Colon told Time Magazine that he, too, was scared after the hurricane hit, as his family started rationing food. But he quickly found himself thinking deeper about the crisis and what he could do to help others.
“I asked myself, ‘How could I give people hope?'” he said.
Colon quickly found an answer to that question, launching his C+Feel = Hope initiative, which raised $36,000 in the first four days, alone, and has now brought in more than $126,000. Overall, 1,400 solar lamps have been distributed to 840 homes since November; another 1,600 lamps will soon go out as well.
Additionally, Colon has secured 300 portable washing machines with the money that has come in; some of those have also recently started reaching those in need. A partial description of the initiative reads:
Too many Puerto Ricans without power, life has become harder than ever. To them the sunlight coming up in the morning is an instant sign of hope, but as soon as the 100 degrees Fahrenheit+ heat rises, this hope quickly dims away. Days are long, but nights have become longer, as people can do nothing but wait for the next ray of light to peek through the horizon in the morning. People have become deprived of the basic resources of light. In a basic emotional human state, light allows people to feel hope and see possibility, so those without light feel despair and extreme loneliness. Light provides a safe environment, both physically and emotionally. Hope that better days will come, is slowly dimming away for the hundreds of thousand of people in Puerto Rico affected by this massive crisis.

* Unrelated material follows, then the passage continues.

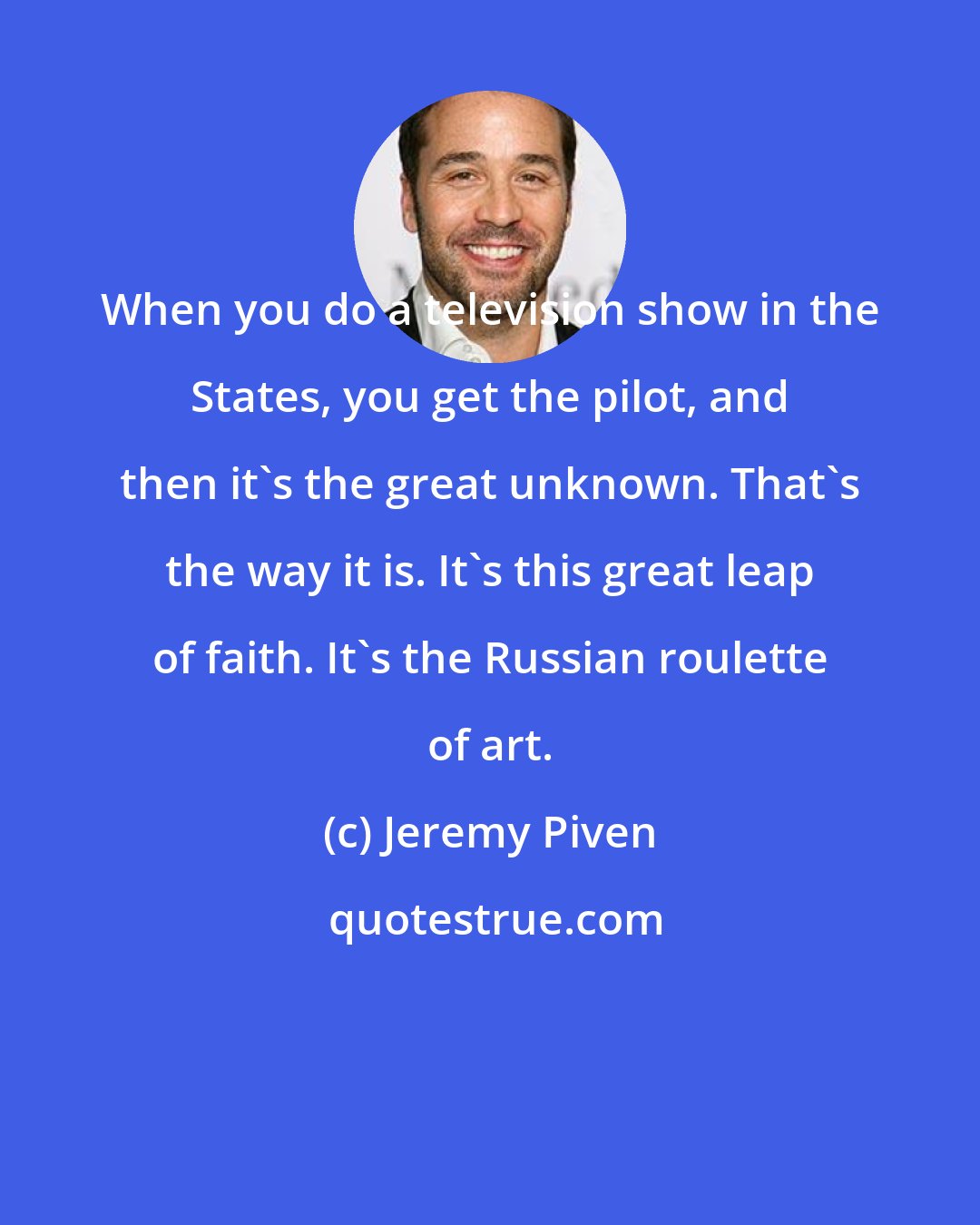 Jeremy Piven: When you do a television show in the States, you get the pilot, and then it's the great unknown. That's the way it is. It's this great leap of faith. It's the Russian roulette of art.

Colon, who distributes the lamps on the weekends, said that the devastation is truly tragic, describing his disbelief that people on the island could still be without power so long after the hurricane hit.
“There is so much need. People are still shoveling debris around their homes. With no power, the elderly are struggling with the heat” he told CNN Money. “It’s very crazy to think that there are still people without power. Four months without power is an extremely traumatizing experience.”
“My family supports me, my teachers support me,” he told CNN Money. “The world can always benefit from a positive mission. So I have to take this to the end.”